> LLMs could be trained to ignore instructions in such text blocks
Okay, but that means you'll need some way of classifying entirely arbitrary natural-language text, without any context, whether it's an "instruction" or "not an instruction", and it has to be 100% accurate under all circumstances.
This is especially hard in the example highlighted in the blog. As can be seen from Microsoft's promotion of GitHub coding agents, the issues are expected to act as instructions to be executed on.
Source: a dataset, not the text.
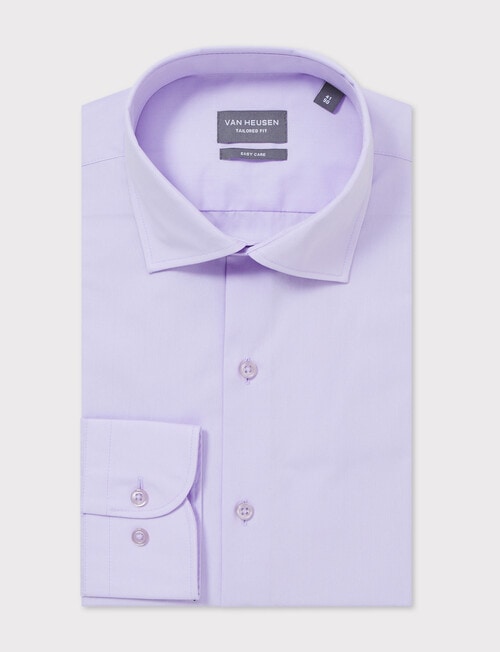 Van Heusen Poplin Tailored Long Sleeve Shirt, Navy product photo View 03 L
I genuinely am not sure if the answer lies in sanitization of input or output in this case
> I genuinely am not sure if the answer lies in sanitization of input or output in this case
(Preface: I am not an LLM expert by any measure)
Based on everything I know (so far), it's better to say "There is no answer"; viz. this is an intractable problem that does not have a general-solution; however many constrained use-cases will be satisfied with some partial solution (i.e. hack-fix): like how the undecidability of the Halting Problem doesn't stop static-analysis being incredibly useful.
As for possible practical solutions for now: implement a strict one-way flow of information from less-secure to more-secure areas by prohibiting any LLM/agent/etc with read access to nonpublic info from ever writing to a public space. And that sounds sensible to me even without knowing anything about this specific incident.
...heck, why limit it to LLMs? The same should be done to CI/CD and other systems that can read/write to public and nonpublic areas.